Avec cette pile d'argent, les astrophysiciens achèteront beaucoup de connaissances sur le trou noir. L'observation des anneaux servirait immédiatement de premier test de la théorie générale de la relativité dans un milieu avec une gravité suffisamment forte pour plier les rayons lumineux en boucles complètes. Le rétrécissement des anneaux est très précis, donc toute déviation signalera que quelque chose d'étrange se produit. «Il n'y a pas de marge de manœuvre», explique Lupsaska. "Vous allez là-bas et prenez une mesure, et cela correspond à la théorie ou non."

Un petit nombre de théoriciens s'attendent à la destruction de la théorie la plus réussie d'Einstein. Au contraire, ils sont plus excités que les anneaux puissent prouver l'existence de deux trous noirs suffisamment proches pour recevoir l'image de cette manière. Les astronomes ont plusieurs façons de mesurer les propriétés de base d'un trou noir, telles que sa masse et sa rotation, mais ils doivent faire beaucoup d'hypothèses pour étudier cela. Le motif des anneaux ne dépend que d'un trou noir - qui n'a rien à voir avec le plasma lumineux et les débris voisins - de telles observations pourraient fournir aux physiciens un moyen plus clair de répondre à leurs questions les plus fondamentales sur ces objets mystérieux.

Et cette analyse n'est qu'un début. Après la présentation des travaux l'été dernier (en prévision d'une évaluation d'expert), il a provoqué une vague de recherches ultérieures, car les physiciens étaient pressés de développer cette théorie. «Il est souligné qu'il y a de nombreux détails intéressants que nous n'avons pas encore explorés, et ils nous ont inspiré de nouvelles études possibles», explique Elizabeth Himwich , une étudiante diplômée de Harvard qui a analysé comment le type de lumière alterne d'un anneau à l'autre .

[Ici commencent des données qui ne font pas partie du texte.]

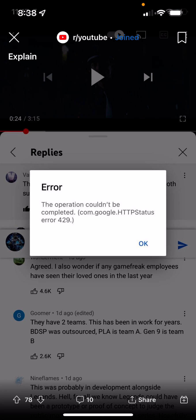What is up everyone, this is MoTutorials here, and today I want to show you how to fix this error code: the operation couldn't be completed, com.google.HTTPS status error 429. This is an error code that came to me and I'm assuming it's coming to a lot of you folks as well.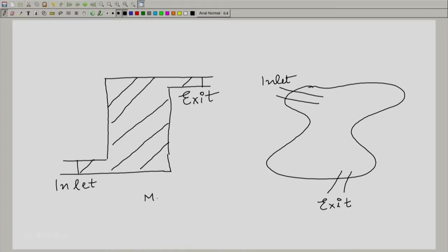As a result, one would write M as a function of time, E as a function of time, H as a function of time, and so on. Apart from this, what one assumes is that one can have very well-defined properties at the inlet and exit. This means we assume some kind of local equilibrium at the inlet and exit, and we know very well what the properties of the fluid are at the inlet and at the exit.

Lupsaska compare les efforts à faire dans les phases initiales par l'exemple de la biologie. «Avant de vouloir comprendre comment organiser l'ADN et utiliser des répétitions palindromiques courtes en grappe pour copier et éditer l'ADN, vous allez d'abord dans la forêt et spécifiez:« C'est un arbre, c'est une fleur », dit-il. "C'est ici que nous sommes dans le domaine de la physique dans l'étude des trous noirs en tant que science expérimentale."